Leave out the pictures and retype exactly the lines from the one with "Gibson GA-6 1958 image 11" through the end of the records.

Scraped caption text data:
*-*-*

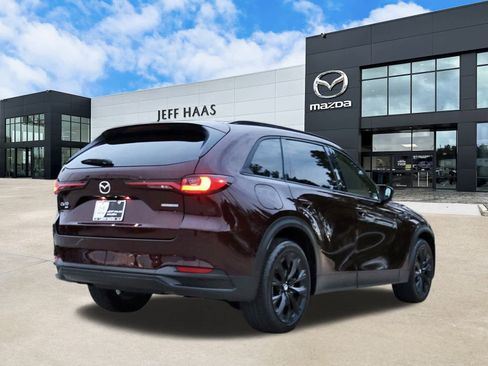 Used 2025 MAZDA CX-90 Plug-In Hybrid w/Premium Sport image 3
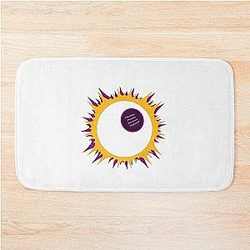 Monday Murder Mystery Makeup - Bailey Sarian Bust Bath Mat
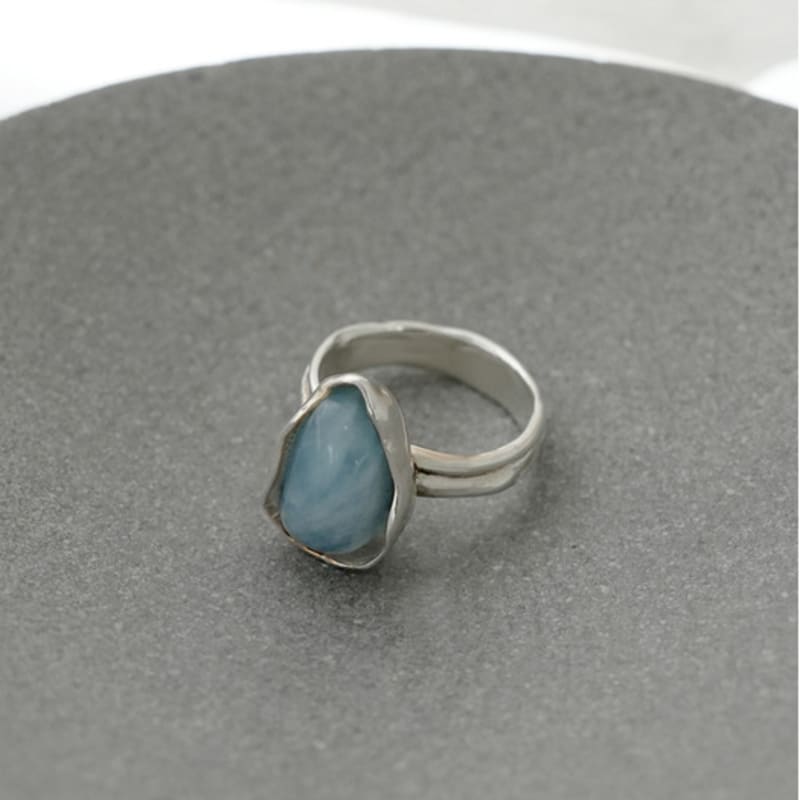 REINDEER MOROCCO RING 26 SILVER
REINDEER MOROCCO RING 26 SILVER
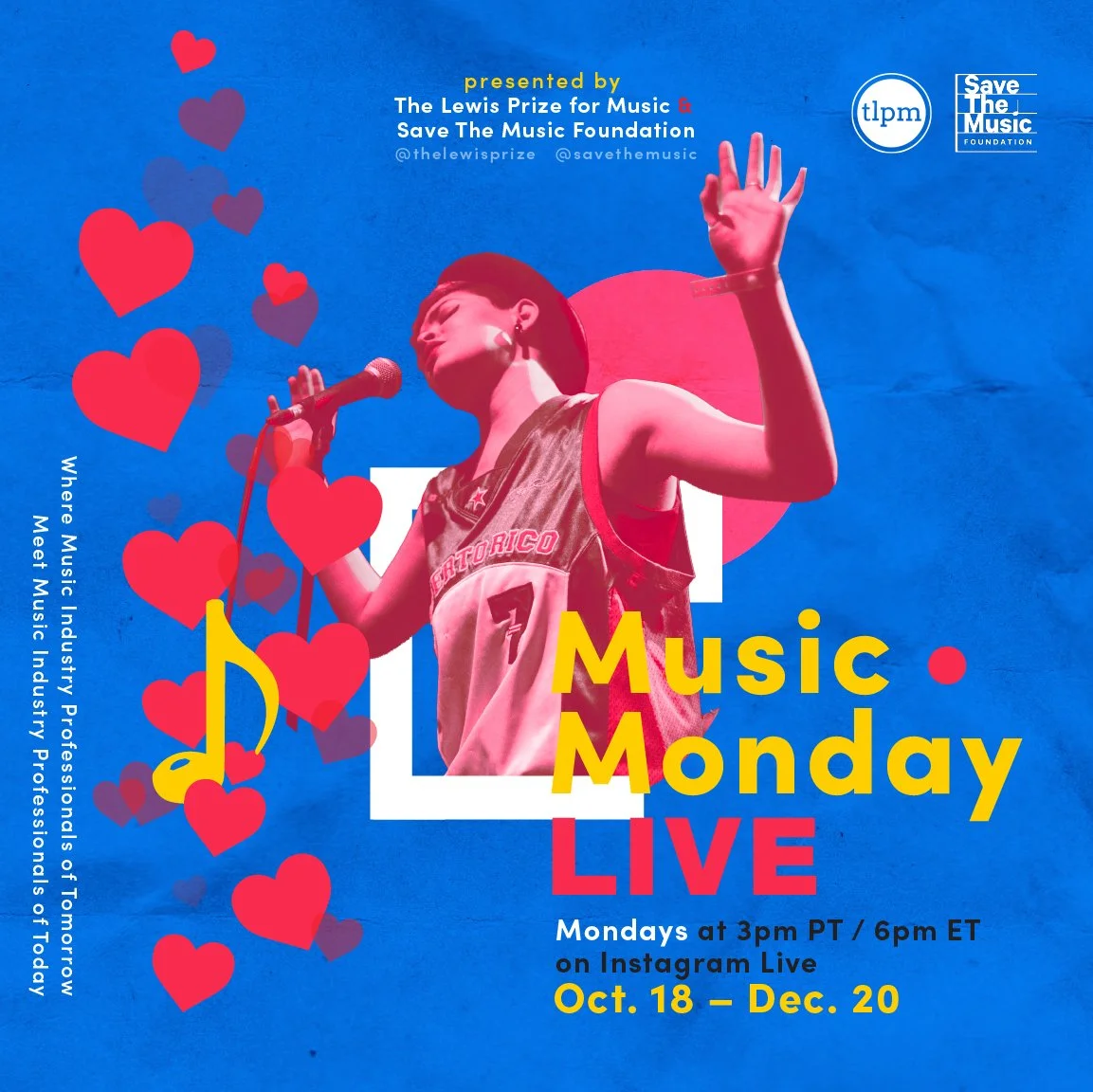 MUSIC MONDAY - GENERAL SQUARE.jpg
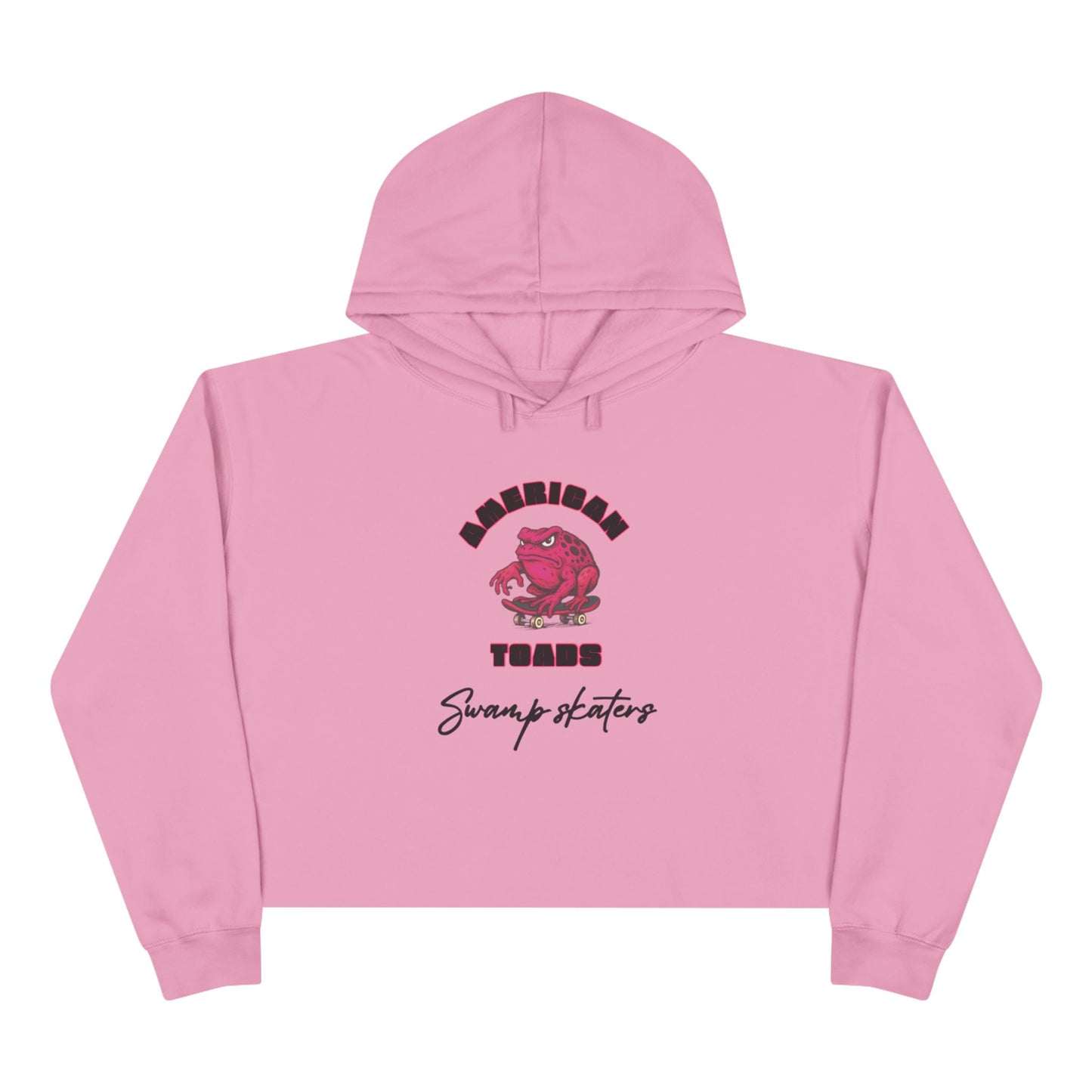 Crop Hoodie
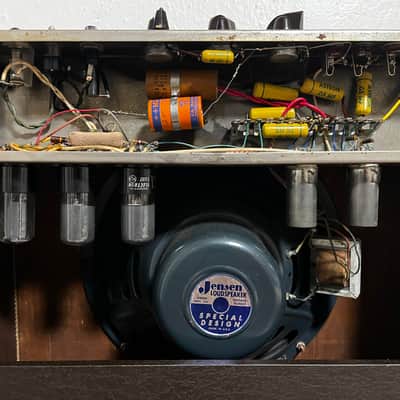 Gibson GA-6 1958 image 11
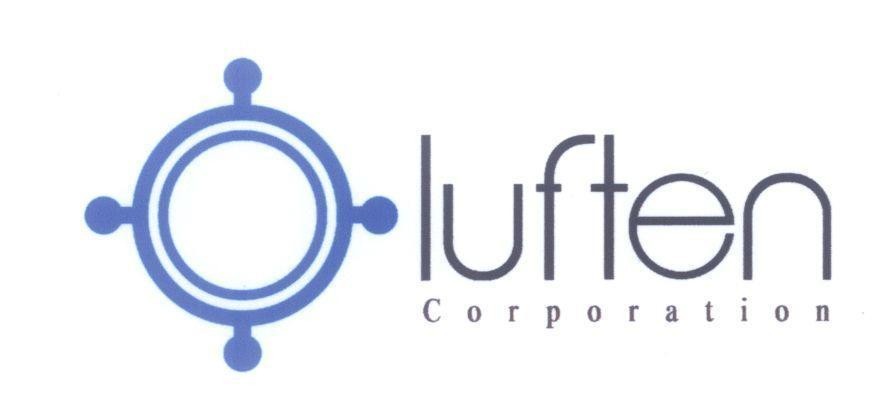 Mẫu nhãn hiệu luften Corporation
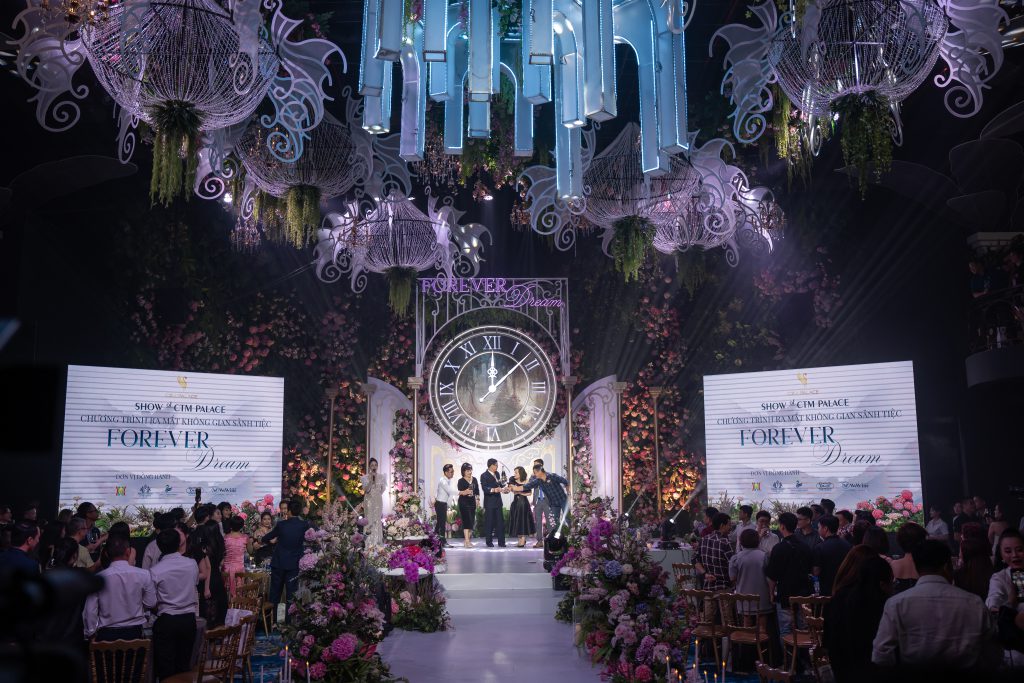 tổ chức hội nghị sự kiện tầng 4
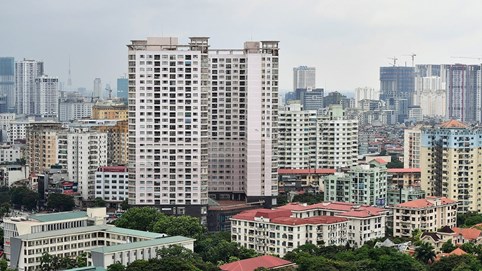 Hà Nội mời đầu tư dự nhà ở xã hội 8 tầng với hơn 500 căn hộ ở huyện Thanh Trì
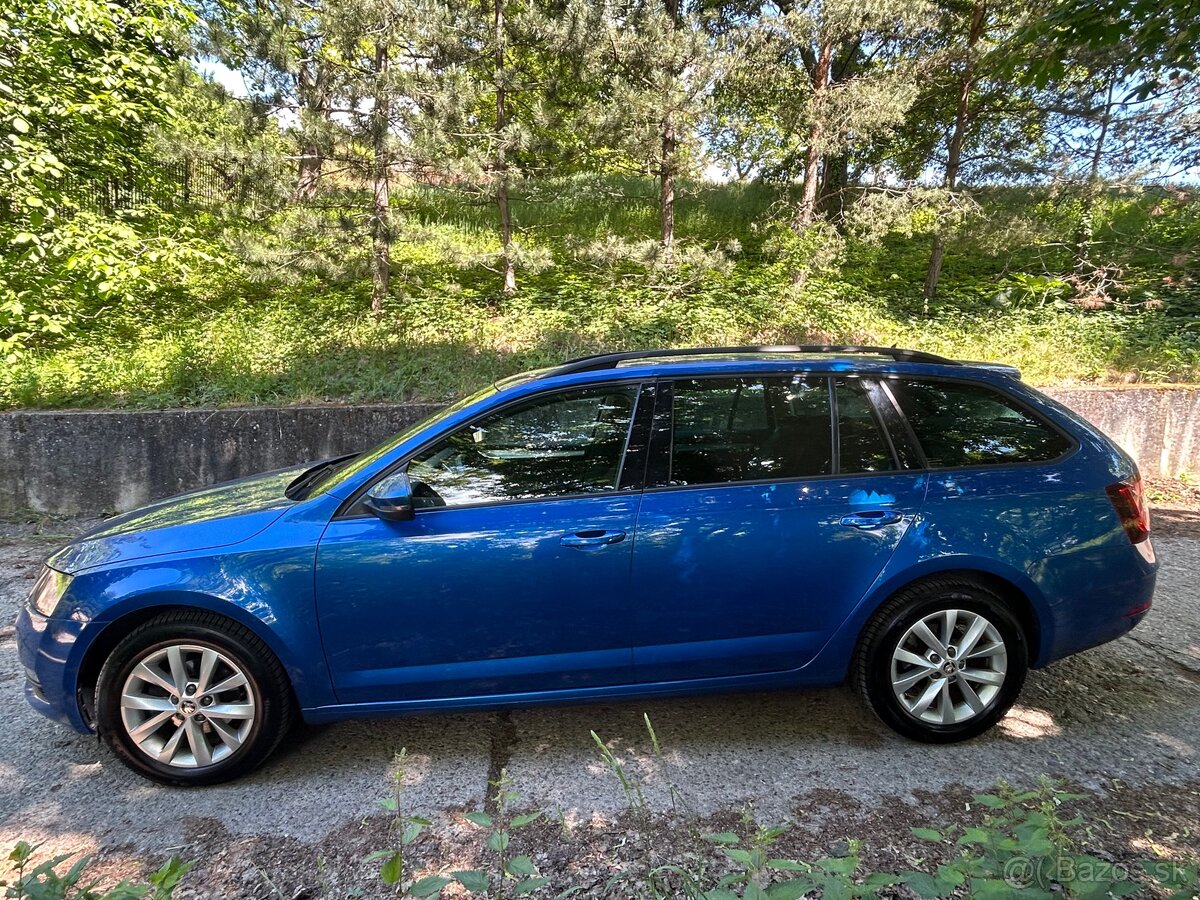 Škoda Octavia 1,6TDI DSG STYLE - 4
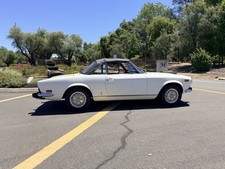 1974 Fiat 124 Spider 124 Sport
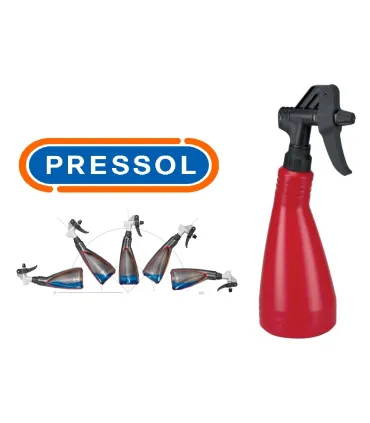 PULV. INDUSTRIAL 750ML PRESSOL ROJO/NEGRO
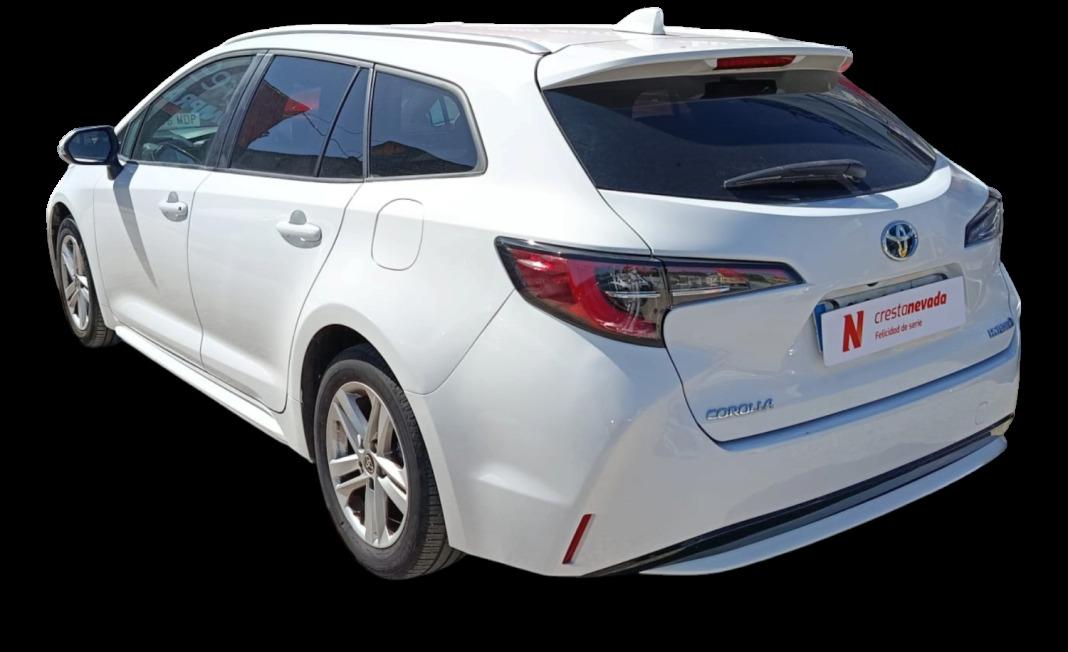 TOYOTA Corolla 1.8 125H ACTIVE TECH ECVT TOU SPORT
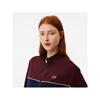 Lacoste Women S Block tenniS Windbreaker Bf7356 54n Ie6 q2nBf7356 54nIe6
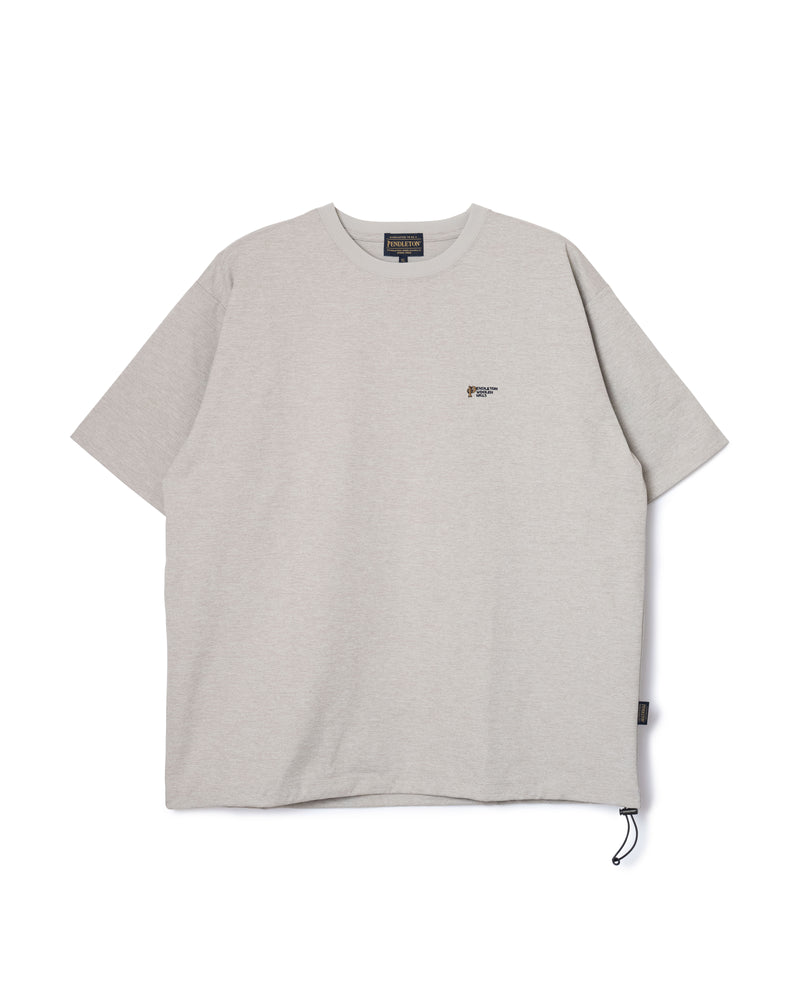 バックプリント ティ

*-*-*

> _EXERCISE SOLUTION_:
 Gibson GA-6 1958 image 11
 Mẫu nhãn hiệu luften Corporation
 tổ chức hội nghị sự kiện tầng 4
 Hà Nội mời đầu tư dự nhà ở xã hội 8 tầng với hơn 500 căn hộ ở huyện Thanh Trì
 Škoda Octavia 1,6TDI DSG STYLE - 4
 1974 Fiat 124 Spider 124 Sport
 PULV. INDUSTRIAL 750ML PRESSOL ROJO/NEGRO
 TOYOTA Corolla 1.8 125H ACTIVE TECH ECVT TOU SPORT
 Lacoste Women S Block tenniS Windbreaker Bf7356 54n Ie6 q2nBf7356 54nIe6
 バックプリント ティ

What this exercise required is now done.